Le Protocole des Sages de Sion

Le Protocole des Sages de Sion fit son apparition au tout début du XX° siècle. Ce petit fascicule, composé de supposés comptes-rendus d'une vingtaine de réunions secrètes, organisées par des juifs, exposerait au grand jour un projet sioniste de domination mondiale. Afin de mener ce plan à bien, les comploteurs feraient alors appel à la perfidie, à la guerre, et au libéralisme économique.

Cet ouvrage, parfois surtitré Programme juif de conquête du monde, se répandit rapidement dans toute l'Europe, faisant éclater le « complot » au grand jour. Adolf Hitler lui-même y fait expressément référence dans son ouvrage, Mein Kampf, publié en 1925.

Mais qu'en est-il réellement ? Existe-t-il, ou a-t-il existé un projet juif de domination mondiale ? Ou bien le Protocole des Sages de Sion n'est-il qu'une simple imposture ?

Edition finlandaise du Protocole des Sages de Sion.

 

En réalité, cet ouvrage fut « fabriqué » entre 1897 et 1903, non par une organisation secrète judéo-maçonnique, mais sur ordre de l'Okhrana, la police secrète russe. Piotr Ratchokovsky, chef du bureau à l'étranger de l'Okhrana, et basé à Paris, avait pour fonction d'infiltrer les groupes révolutionnaires.
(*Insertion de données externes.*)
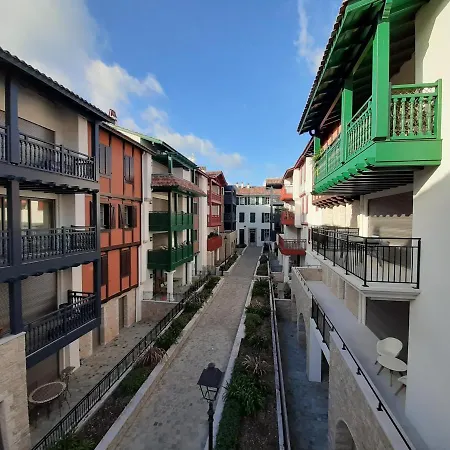 De Standing Au Coeur De Saint-jean-de-luz, A 200m De La - Fr-1-239-595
En 1897, il commanda la rédaction d'un pamphlet antisémite à l'un de ses subordonné, Matveï Golovinski, auteur chargé d'influencer la presse française en faveur de la politique russe.

Pour ce faire, Golovinski s'inspira de l'ouvrage Dialogue aux Enfers entre Machiavel et Montesquieu, publié par le journaliste Maurice Joly en 1864. Ce dernier, qui partageait l'hostilité de Victor Hugo envers Napoléon III, y fustigeait indirectement la politique de l'Empereur (ce dernier n'est pas nommé une seule fois dans l'ouvrage) via l'échange entre les deux protagonistes. A noter toutefois que Joly, peu objectif, critiquait pêle-mêle le libéralisme, la centralisation, le suffrage universel, etc.[1]

Golovinski, réalisant un décalque de cet ouvrage, s'inspira aussi de Biarritz, roman antisémite publié en 1868 par John Retcliffe (de son vrai nom Hermann Goedsche), qui avait lui-même plagié le Dialogue ; et de L'Etat des juifs, de Théodore Herzl, publié en 1895 (cet auteur austro-hongrois, considéré aujourd'hui comme le fondateur du sionisme, expliquait que les juifs étant mal tolérés en raison de leur particularisme, et devaient parvenir à la création d'un Etat hébreu).

Le Protocole des Sages de Sion fut donc rédigé sous la forme d'un programme politique mis au point par des juifs, soucieux d'asservir l'humanité, regroupant les supposés comptes-rendus d'une vingtaine de réunions secrètes.

Le fascicule, publié en Russie en 1903, avait donc pour objectif de faire infléchir le tsar Nicolas II sur sa politique libérale, jugée comme étant le résultat d'un complot judéo-maçonnique par les milieux réactionnaires. Toutefois, ce projet fit long feu, car le tsar n'adhéra pas à la supercherie, refusant de faire du Protocole un instrument de propagande.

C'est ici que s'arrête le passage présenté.